Tehran has much at stake in the tumult wracking the Middle East, with popular uprisings in the region potentially opening the way for Iran to expand its political influence.

But on the ground in Iran, the country's regional strength has been overshadowed by an ailing economy and the inability of the Iranian Majles, or parliament, to enforce financial transparency in President Mahmoud Ahmadinejad's administration. The most contentious debate has been over the Iranian president's rapid cutbacks in subsidy spending.

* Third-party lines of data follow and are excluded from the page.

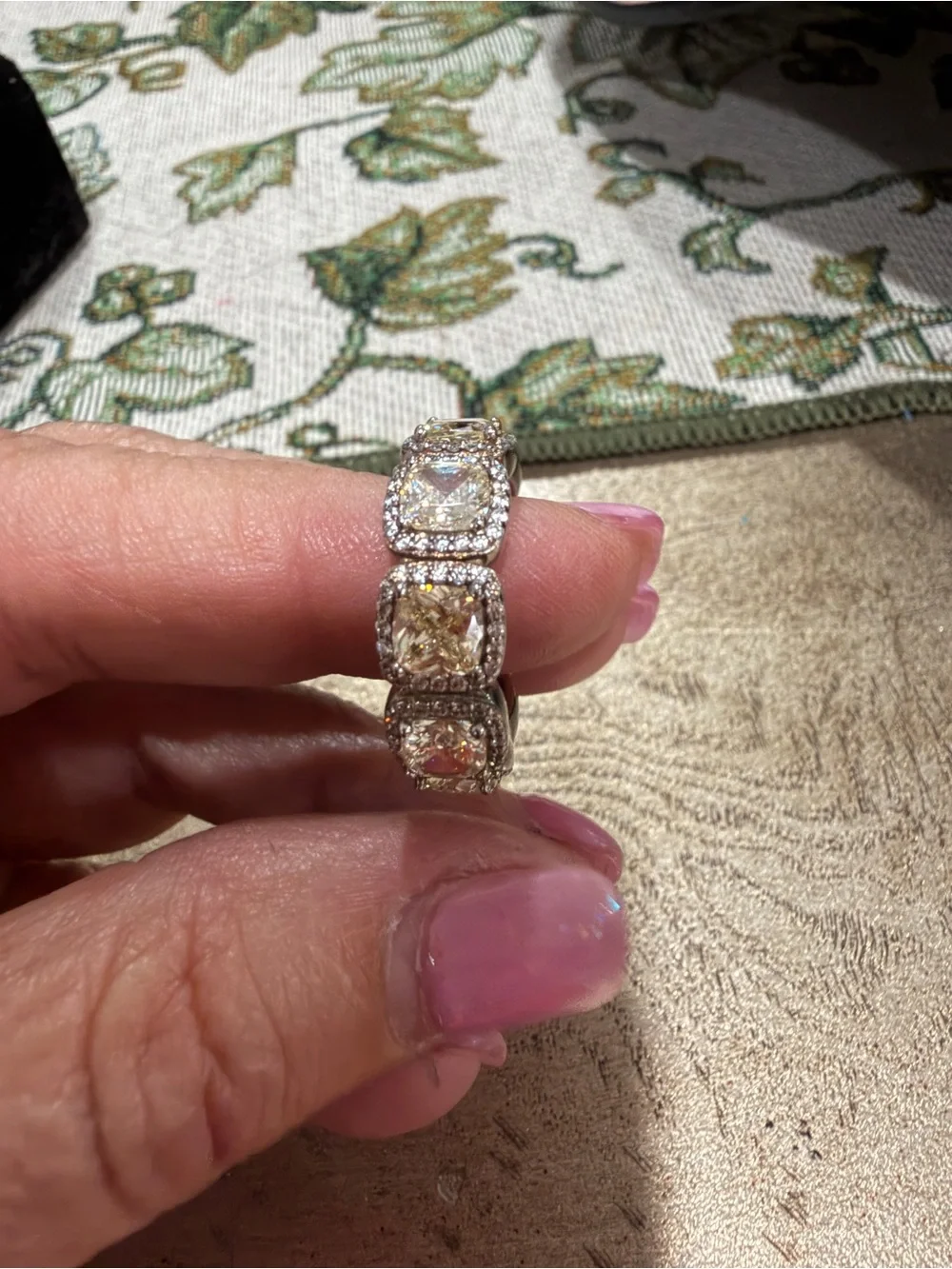 Elegant Yellow-Gold Halo Ring with Clear Accent Stones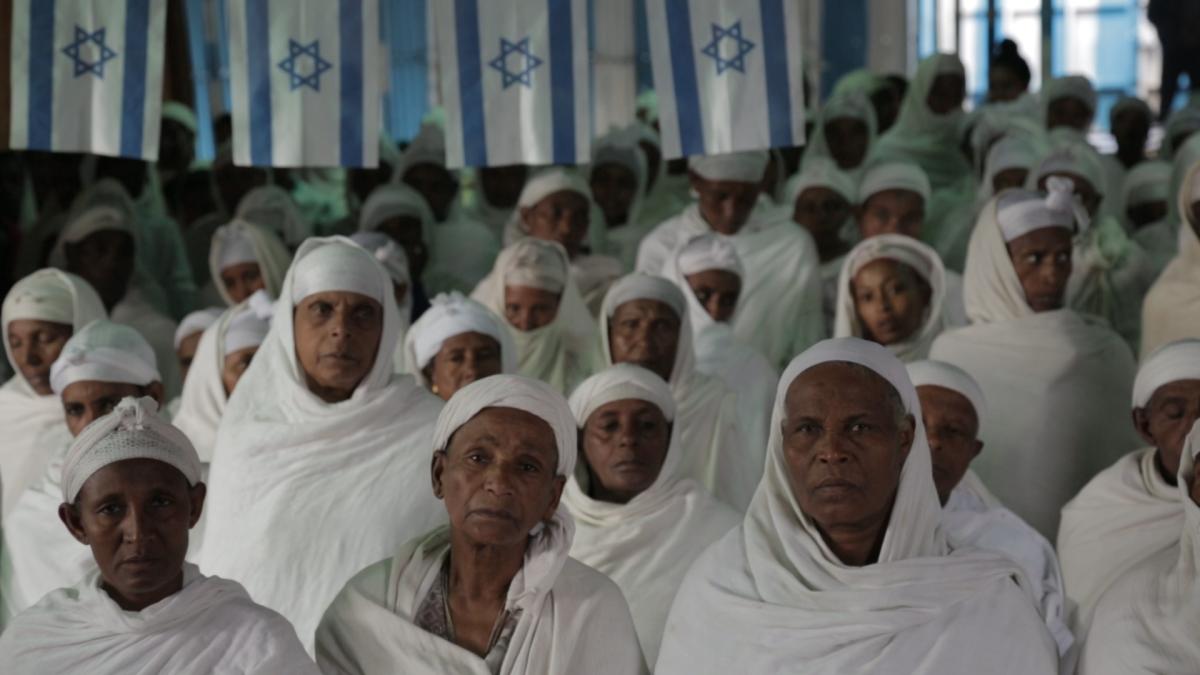 Ethiopian Jewish Women dressed in white sit during a Sunday service in a synagogue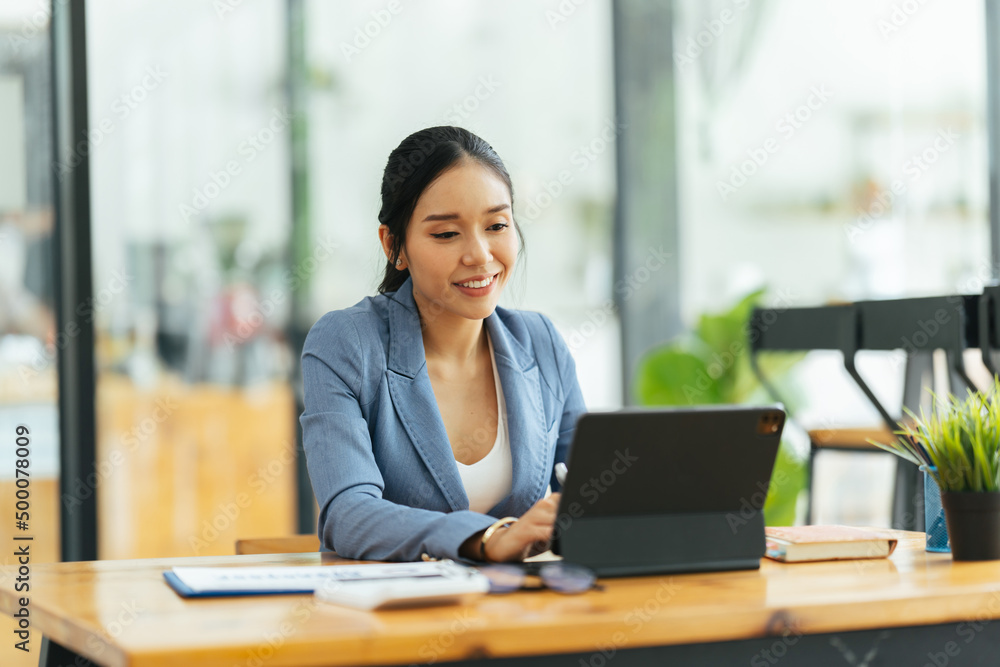 Portrait of Asian young female working on laptop at office, business financial and investment concept. Portrait of Asian young female working on laptop at office, business financial and investment concept.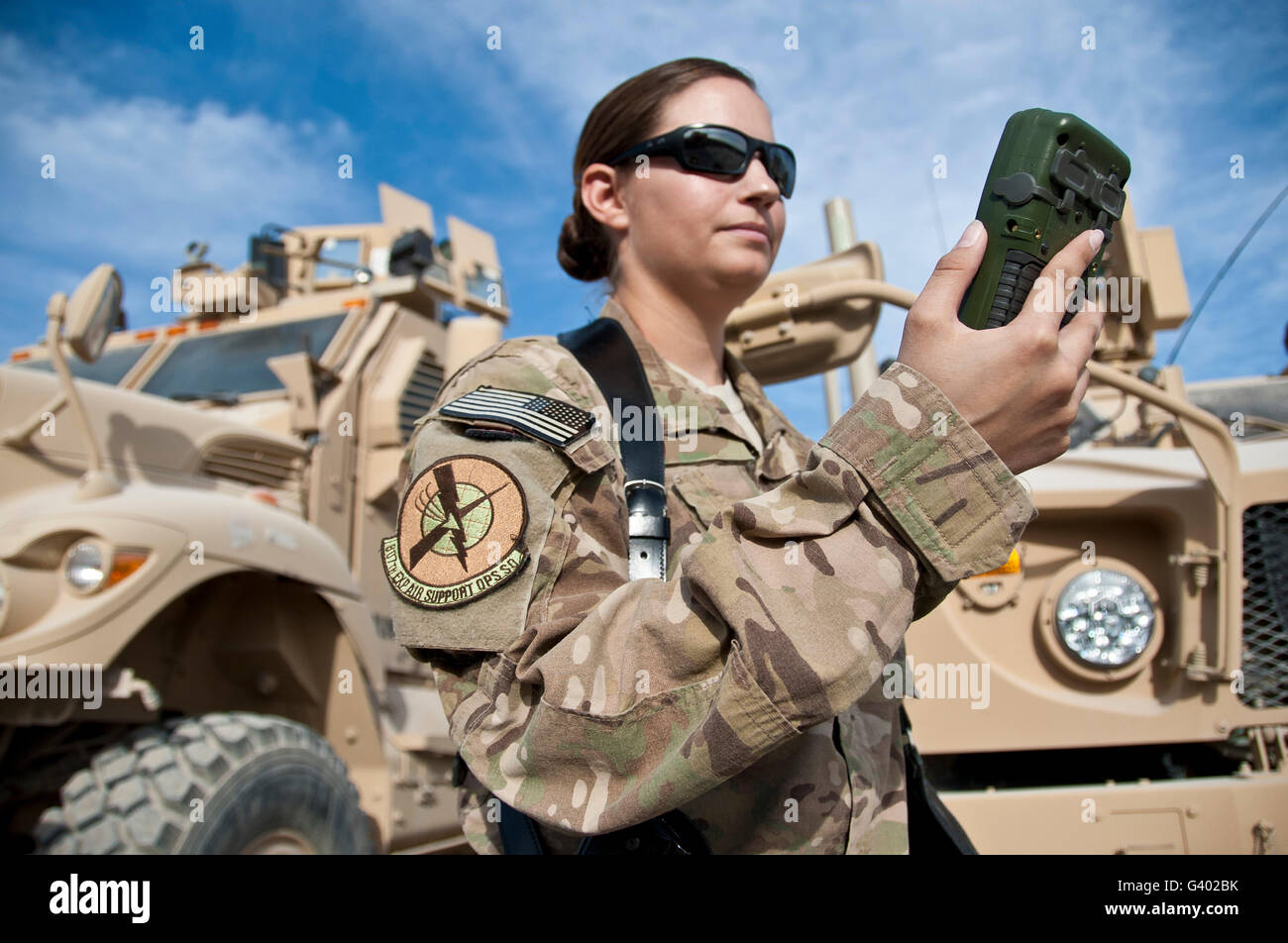 Air Force Captain looks at a Defense Advanced GPS Receiver. Stock Photo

Though a majority of parliamentarians supported legislation enforcing large-scale reductions in the country's annual $90 billion to $100 billion in subsidy spending, lawmakers have become wary of the government's accelerated implementation of the cuts and have sought to limit the president's control over their administration.

Though officials have argued since 1992 for cutbacks in subsidy spending, favoring cash payments instead, economists in Iran argue the rapid implementation of the current legislation could boost inflation to levels that will dilute the purchasing power of the payments as energy and food prices start to rise.

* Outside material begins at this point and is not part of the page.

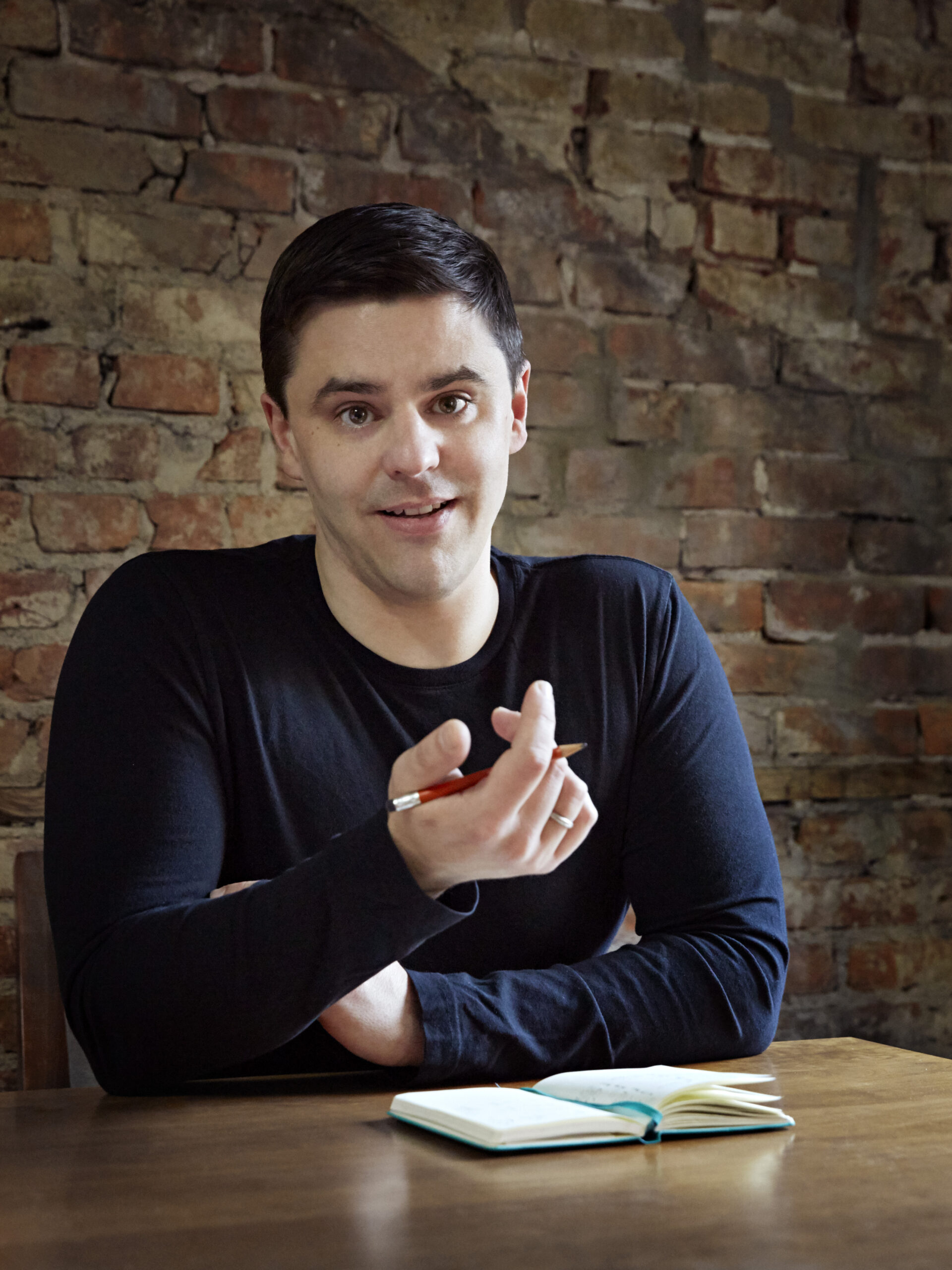 Klimaökonom Gernot in einem dunklen Hemd hält einen Stift und sitzt mit einem Notizbuch an einem Tisch vor der Kulisse hoch aufragender Backsteingebäude.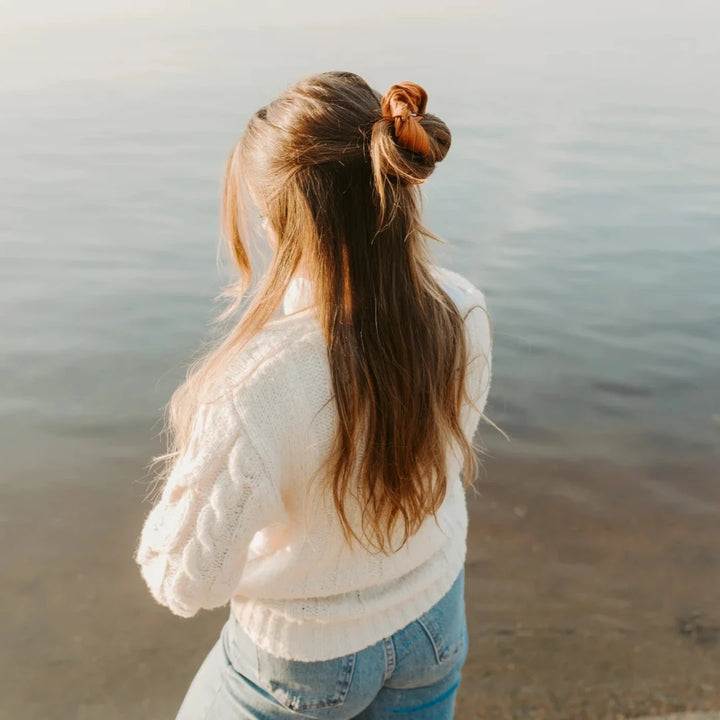 A burnt orange ribbed scrunchie.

$20 billion in subsidies slashed

To date, Mr. Ahmadinejad's government has slashed $20 billion worth of subsidies for fuel – including gasoline, heating oil, kerosene, liquefied petroleum gas (LPG), and fuel oil – as well as for electricity and natural gas. Subsidies for water, flour, bread, wheat, rice, oil, milk, sugar, and postal and transportation services are slated to be phased out by March 2014. Some $5 billion in new subsidy cuts will take place within the next year, according to domestic reports.

Original plans called for the state's annual $35 billion to $45 billion in fuel subsidies, which included gasoline imports worth between $6.5 billion and $8 billion a year, to be phased out incrementally within three years starting in 2009. Gasoline prices were to be raised gradually before settling in 2012 at a partially subsidized value worth 90 percent of the Persian Gulf Free on Board (FOB) gasoline price, which accounts for shipping and loading costs, according to interviews with government officials.

Implementation was delayed by two years, which should have kept prices well under FOB prices until 2013. Yet today, gasoline prices for private individuals are already approaching regional FOB levels. Currently they pay 4,000 rials per liter (about $1.52 a gallon) for their 60-liter quota of regular gasoline and 7,000 rials a liter ($2.70 per gallon) for purchases beyond quota.

“The president had two more years to implement the plan, but he finished it this year,” says a Tehran-based analyst speaking on condition of anonymity. “Parliament was shocked.”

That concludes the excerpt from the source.